%%
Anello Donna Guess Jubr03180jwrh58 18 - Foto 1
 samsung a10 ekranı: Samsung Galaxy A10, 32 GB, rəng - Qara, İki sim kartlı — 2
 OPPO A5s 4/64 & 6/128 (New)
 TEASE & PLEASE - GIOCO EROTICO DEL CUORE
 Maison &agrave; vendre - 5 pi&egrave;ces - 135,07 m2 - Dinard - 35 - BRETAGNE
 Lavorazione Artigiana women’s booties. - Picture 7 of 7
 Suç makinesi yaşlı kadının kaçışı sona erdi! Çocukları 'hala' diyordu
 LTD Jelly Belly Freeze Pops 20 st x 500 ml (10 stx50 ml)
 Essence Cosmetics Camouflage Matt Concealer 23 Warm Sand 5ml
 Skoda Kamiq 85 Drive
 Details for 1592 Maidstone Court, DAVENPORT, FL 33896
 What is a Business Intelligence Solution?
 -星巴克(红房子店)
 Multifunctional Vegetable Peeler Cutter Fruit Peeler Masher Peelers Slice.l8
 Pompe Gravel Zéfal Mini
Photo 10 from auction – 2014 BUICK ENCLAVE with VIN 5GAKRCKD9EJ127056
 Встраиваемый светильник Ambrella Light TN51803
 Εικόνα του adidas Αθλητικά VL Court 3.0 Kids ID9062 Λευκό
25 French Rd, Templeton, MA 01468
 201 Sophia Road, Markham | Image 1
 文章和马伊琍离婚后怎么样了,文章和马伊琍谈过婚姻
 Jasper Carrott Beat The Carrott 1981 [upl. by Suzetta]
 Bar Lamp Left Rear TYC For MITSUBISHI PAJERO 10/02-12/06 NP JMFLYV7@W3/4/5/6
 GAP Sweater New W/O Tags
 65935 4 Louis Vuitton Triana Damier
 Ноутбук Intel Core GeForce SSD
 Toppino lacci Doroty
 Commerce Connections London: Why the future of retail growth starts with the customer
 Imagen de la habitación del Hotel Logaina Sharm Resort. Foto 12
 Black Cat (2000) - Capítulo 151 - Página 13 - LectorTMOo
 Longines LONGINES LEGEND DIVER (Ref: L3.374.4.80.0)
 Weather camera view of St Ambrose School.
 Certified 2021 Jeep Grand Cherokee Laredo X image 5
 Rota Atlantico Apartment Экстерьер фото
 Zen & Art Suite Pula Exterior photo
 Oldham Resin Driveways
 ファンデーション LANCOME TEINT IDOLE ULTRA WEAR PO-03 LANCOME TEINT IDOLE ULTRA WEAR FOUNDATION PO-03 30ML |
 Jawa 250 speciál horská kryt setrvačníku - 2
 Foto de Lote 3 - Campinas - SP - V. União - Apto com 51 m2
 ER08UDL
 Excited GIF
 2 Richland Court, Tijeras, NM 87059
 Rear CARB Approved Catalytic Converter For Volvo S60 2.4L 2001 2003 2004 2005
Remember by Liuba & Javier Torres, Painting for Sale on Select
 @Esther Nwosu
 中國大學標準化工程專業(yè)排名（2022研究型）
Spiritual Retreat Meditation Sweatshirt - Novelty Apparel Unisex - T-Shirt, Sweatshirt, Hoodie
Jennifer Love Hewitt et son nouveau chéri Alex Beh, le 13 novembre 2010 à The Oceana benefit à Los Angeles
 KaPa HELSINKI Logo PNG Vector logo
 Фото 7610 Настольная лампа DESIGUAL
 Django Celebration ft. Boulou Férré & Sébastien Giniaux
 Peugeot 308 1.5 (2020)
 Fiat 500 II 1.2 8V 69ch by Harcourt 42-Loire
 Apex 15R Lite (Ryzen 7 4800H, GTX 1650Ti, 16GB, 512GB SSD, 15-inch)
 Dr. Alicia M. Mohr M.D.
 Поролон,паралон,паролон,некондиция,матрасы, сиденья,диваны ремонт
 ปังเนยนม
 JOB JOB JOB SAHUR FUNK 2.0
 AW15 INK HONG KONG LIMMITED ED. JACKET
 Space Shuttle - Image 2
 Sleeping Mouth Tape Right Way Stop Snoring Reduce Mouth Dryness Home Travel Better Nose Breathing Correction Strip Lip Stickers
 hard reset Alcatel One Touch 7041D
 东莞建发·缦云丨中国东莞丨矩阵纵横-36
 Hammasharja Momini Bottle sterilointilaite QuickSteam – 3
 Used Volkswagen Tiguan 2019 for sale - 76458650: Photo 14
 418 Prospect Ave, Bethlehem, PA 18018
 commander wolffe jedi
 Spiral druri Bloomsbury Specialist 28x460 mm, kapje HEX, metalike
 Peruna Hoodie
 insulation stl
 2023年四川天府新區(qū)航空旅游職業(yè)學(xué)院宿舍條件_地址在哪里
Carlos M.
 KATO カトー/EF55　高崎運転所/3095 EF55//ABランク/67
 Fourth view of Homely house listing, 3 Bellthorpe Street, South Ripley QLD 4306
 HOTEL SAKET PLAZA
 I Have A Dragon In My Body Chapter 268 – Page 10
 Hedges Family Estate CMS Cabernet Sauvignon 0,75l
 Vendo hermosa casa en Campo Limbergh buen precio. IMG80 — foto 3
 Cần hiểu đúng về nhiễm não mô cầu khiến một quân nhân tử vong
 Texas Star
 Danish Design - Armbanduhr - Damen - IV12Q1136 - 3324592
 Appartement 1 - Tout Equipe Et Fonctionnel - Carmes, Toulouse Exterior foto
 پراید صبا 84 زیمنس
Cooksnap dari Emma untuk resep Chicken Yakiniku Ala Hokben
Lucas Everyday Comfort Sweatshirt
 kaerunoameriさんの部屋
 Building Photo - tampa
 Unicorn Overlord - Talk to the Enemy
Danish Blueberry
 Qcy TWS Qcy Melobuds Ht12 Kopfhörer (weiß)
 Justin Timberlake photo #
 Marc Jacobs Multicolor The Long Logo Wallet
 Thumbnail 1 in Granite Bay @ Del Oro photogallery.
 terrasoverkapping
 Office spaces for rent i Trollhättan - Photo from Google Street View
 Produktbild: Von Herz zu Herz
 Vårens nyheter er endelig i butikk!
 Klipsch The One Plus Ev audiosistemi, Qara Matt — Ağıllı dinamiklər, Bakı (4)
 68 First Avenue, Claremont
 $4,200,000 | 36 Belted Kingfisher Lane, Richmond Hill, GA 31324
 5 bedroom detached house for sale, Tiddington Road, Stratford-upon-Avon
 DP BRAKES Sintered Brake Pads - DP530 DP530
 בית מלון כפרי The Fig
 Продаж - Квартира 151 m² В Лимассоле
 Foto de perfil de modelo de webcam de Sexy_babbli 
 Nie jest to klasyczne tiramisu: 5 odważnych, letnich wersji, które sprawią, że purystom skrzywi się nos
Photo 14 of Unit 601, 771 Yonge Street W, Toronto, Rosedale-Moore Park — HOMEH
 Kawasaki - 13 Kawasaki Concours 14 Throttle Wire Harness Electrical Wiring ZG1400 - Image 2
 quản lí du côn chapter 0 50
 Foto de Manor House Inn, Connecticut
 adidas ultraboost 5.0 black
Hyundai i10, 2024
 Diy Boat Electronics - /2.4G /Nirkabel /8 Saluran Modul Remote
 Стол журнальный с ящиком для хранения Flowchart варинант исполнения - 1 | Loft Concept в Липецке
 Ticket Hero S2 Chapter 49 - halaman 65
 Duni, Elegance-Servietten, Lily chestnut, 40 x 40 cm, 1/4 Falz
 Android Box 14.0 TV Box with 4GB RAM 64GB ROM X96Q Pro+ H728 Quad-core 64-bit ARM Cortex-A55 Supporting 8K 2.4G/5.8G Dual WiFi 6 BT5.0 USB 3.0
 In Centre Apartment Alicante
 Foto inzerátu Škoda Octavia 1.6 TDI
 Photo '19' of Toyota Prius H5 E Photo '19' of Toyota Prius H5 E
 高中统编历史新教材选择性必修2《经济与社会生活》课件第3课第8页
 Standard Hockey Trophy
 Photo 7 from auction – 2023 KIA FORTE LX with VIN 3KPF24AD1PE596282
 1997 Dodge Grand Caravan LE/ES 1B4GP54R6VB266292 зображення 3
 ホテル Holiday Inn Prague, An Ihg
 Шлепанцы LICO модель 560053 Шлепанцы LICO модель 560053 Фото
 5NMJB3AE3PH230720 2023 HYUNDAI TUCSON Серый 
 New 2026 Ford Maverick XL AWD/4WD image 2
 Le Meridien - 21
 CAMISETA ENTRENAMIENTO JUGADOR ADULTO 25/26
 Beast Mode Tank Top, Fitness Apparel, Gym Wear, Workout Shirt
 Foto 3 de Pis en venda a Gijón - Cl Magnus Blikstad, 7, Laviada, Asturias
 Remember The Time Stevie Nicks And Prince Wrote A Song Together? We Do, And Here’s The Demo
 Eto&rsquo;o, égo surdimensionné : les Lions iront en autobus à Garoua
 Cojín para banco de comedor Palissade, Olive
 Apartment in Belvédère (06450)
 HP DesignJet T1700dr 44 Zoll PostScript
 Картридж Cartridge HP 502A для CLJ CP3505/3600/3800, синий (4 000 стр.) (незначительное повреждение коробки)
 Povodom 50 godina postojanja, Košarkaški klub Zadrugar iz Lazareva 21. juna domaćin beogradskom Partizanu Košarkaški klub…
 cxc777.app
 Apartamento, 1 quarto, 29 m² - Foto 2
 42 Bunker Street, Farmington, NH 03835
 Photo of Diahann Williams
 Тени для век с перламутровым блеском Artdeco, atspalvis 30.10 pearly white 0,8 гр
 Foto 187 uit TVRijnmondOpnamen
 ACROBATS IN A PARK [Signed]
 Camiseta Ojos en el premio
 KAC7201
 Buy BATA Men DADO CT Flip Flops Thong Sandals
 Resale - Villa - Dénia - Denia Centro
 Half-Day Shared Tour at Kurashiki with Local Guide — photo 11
%%
● Work order
From the first line of the listing above through the line that contains "Встраиваемый светильник Ambrella", retype every line exactly, and write nothing else.

● Output of the task
Anello Donna Guess Jubr03180jwrh58 18 - Foto 1
 samsung a10 ekranı: Samsung Galaxy A10, 32 GB, rəng - Qara, İki sim kartlı — 2
 OPPO A5s 4/64 & 6/128 (New)
 TEASE & PLEASE - GIOCO EROTICO DEL CUORE
 Maison &agrave; vendre - 5 pi&egrave;ces - 135,07 m2 - Dinard - 35 - BRETAGNE
 Lavorazione Artigiana women’s booties. - Picture 7 of 7
 Suç makinesi yaşlı kadının kaçışı sona erdi! Çocukları 'hala' diyordu
 LTD Jelly Belly Freeze Pops 20 st x 500 ml (10 stx50 ml)
 Essence Cosmetics Camouflage Matt Concealer 23 Warm Sand 5ml
 Skoda Kamiq 85 Drive
 Details for 1592 Maidstone Court, DAVENPORT, FL 33896
 What is a Business Intelligence Solution?
 -星巴克(红房子店)
 Multifunctional Vegetable Peeler Cutter Fruit Peeler Masher Peelers Slice.l8
 Pompe Gravel Zéfal Mini
Photo 10 from auction – 2014 BUICK ENCLAVE with VIN 5GAKRCKD9EJ127056
 Встраиваемый светильник Ambrella Light TN51803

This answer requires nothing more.